On Thu, 11 Aug 2011, Ingo Molnar wrote:

> * Will Deacon <will.deacon@xxxxxxx> wrote:
> So what you and Vince are suggesting, to dumb down the kernel parts
> of perf and force users into raw or microarchitecture specific events
> actually *reduces* the user-base very significantly - while in
> practice even just cycles, instructions and branches level analysis
> handles 99% of the everyday performance analysis needs ...

No, what I want are the generalized events to accurately describe what is
being measured.

To do this properly you need a lot more granularity. PAPI for example has
100+ generalized events, some of which require multiple hardware events
to be combined to get the desired outcome.
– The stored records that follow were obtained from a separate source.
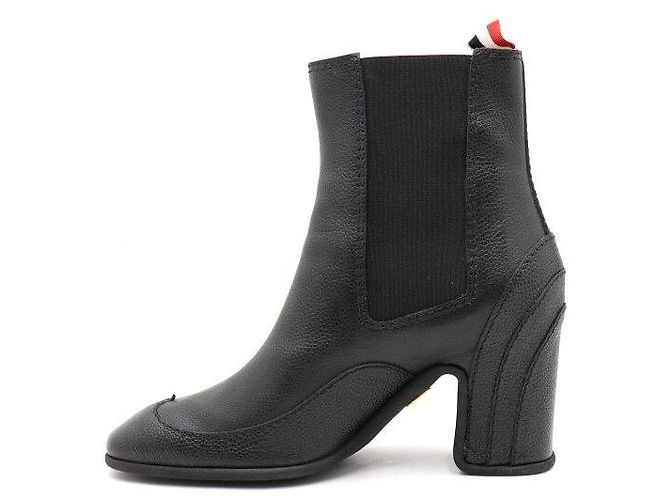 Thom Browne Stivaletti Chelsea da donna in pelle nera con dettagli wingtip Nero - vista 4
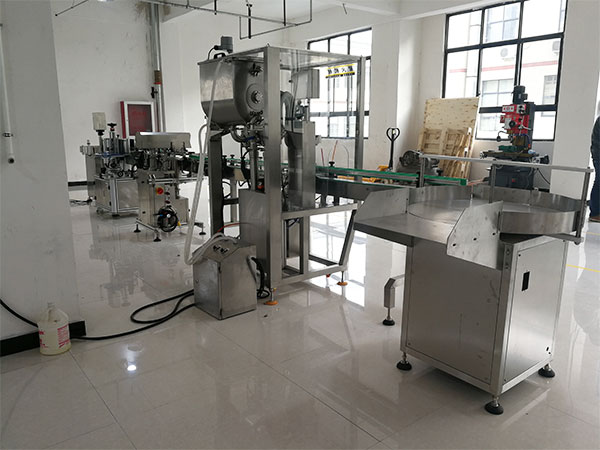 東北大醬大豆醬灌裝機(jī)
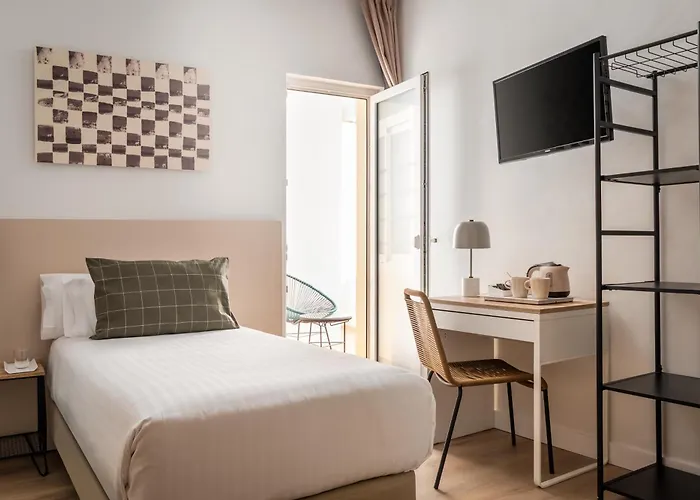 ホテル Bypillow Erba 2*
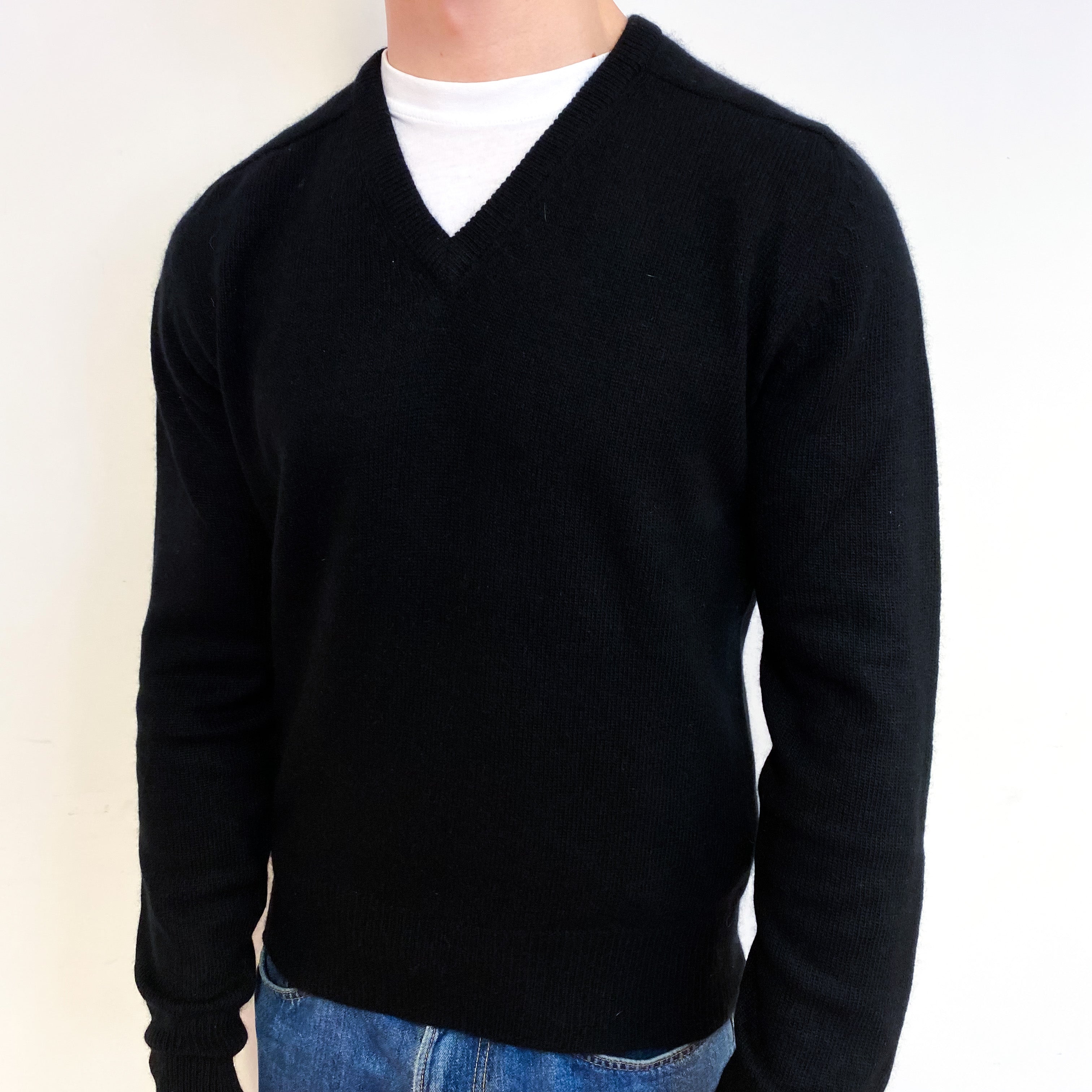 Men's Black Cashmere V-Neck Jumper Small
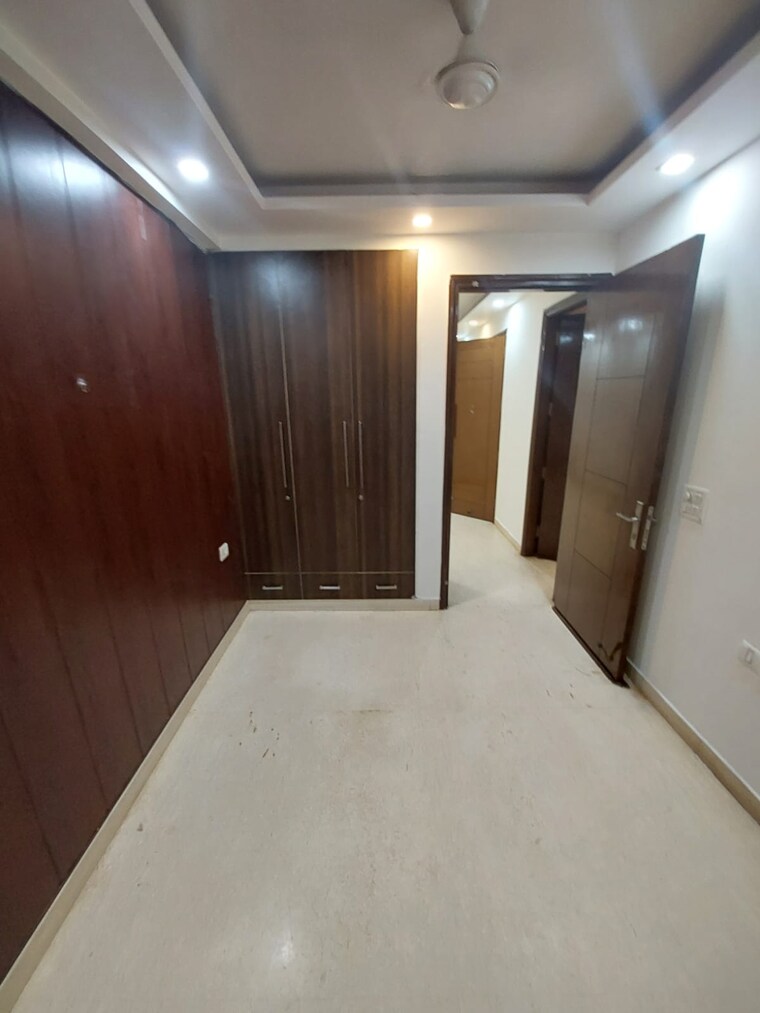 Room, east of kailash 3 Bedroom 125 Sq.Yd. Builder Floor In East Of Kailash Delhi 9712915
Having a "branch" event like that on ARM that ignores not-taken events is
going to drive you nuts when you are trying to sample in your code to
find out why the branch miss rate is so high and you want to find the loop
exits that are predicted poorly (but can't find them because loop exits
tend to be not-taken branches).

Having a "L1-dcache-load" event that includes stores (like on current AMD)
will drive you nuts if you are debugging code and it shows that somehow
these loads are triggering cache-coherency invalidates when you know that
usually only stores can do so, and why would a load only event count

Having a tool that gives misleading names to things would be like if I
gave some poor user a copy of gdb that silently set breakpoints a random
offset from where the actueal breakpoint. Sure it probably correlates to
where you want the code to stop, but it's not what the tool says it is

So either come up with finer-grained generalized events, or else do a
better job of picking them. The fact that my _extremely_ simple
validation tests keep turning up problems like this indicate that no one
bothered checking these events before they shoved them in the kernel.

Once in, these bad events linger for years and it's not even possible
to tell from userspace what raw even a generalized event maps to.
So anyone who cares is going to use a tool that uses raw events anyway.
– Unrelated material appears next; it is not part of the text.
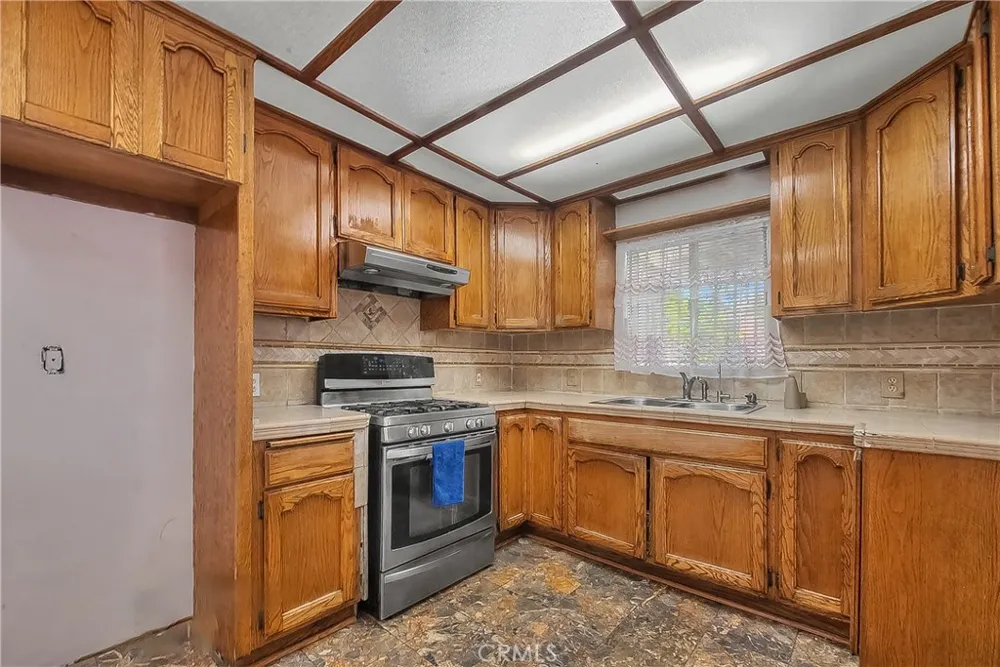 12127 Cedarvale Norwalk, CA 90650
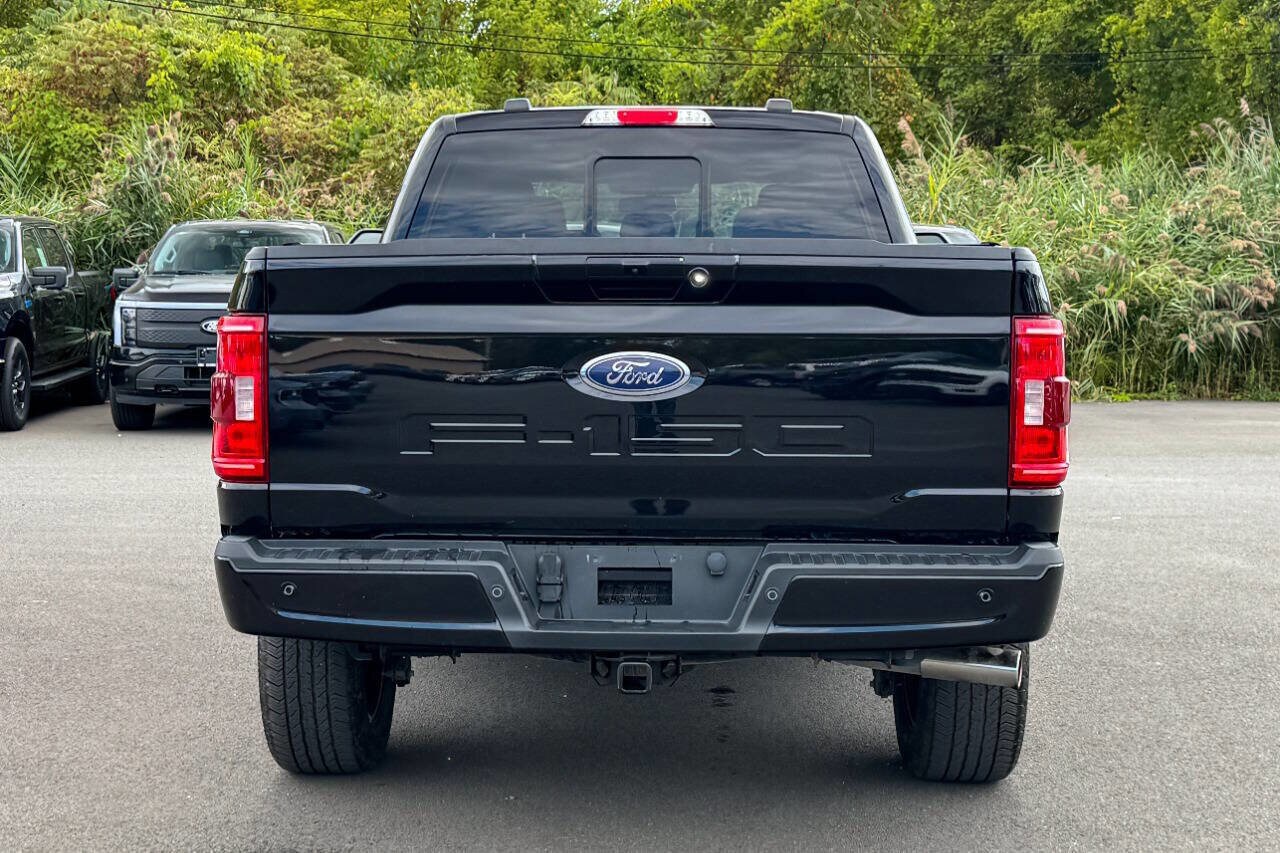 2022 Ford F-150 XLT photo 4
(Note I am not saying they'll calculate the raw hex vaue themselves.
They'll use a pre-existing tool written by your maligned 1% power
users that will pick the proper raw event for them.)

> We saw how the "push CPU specific events to users and tooling"
> concept didn't work with oprofile - why do we have to re-discuss this
> part of failed Linux history again and again?

No one is arguing for oprofile. libpfm4/PAPI or a tool like pfmon, sure.

> The approach Vince and you are suggesting is literally sacrificing
> 99% of utility for 1% of the users - a not very smart approach. I
> don't mind accomodating the needs of 1% of power-users (at all), but:
> [...]
> We literally have more than 7 million lines of drivers/* code that
> provides generic abstractions - not just a few thousand lines of raw
> PCI operations space where user-space can write magic values to ...
> [...]
> It's the *job* of the kernel to abstract things away, we don't shy
> away from that ...

I get the impression if you were the graphics maintainer you'd specify all
drivers should use a 1024x768x16bpp generic abstraction and dither or
scale all devices to match this. This would be a nice abstraction that
would make graphics programming oh so much easier for the casual
programmer and it provides 99% of what most users want. The 1% of power
users are unimportant.

Also one could only use officialy blessed list of colors appearing in
some obscure file under /sys.

Also access to 3D functionality would be blocked until the people wanting
3D had properly developed a generic concept of the color "mauve" that
could be applied across the board, even on black+white only hardware.

> So having generic events is not some fancy, unused property, but a
> pretty important measurement aspect of perf.

perf the userspace tool or perf_event the kernel ABI?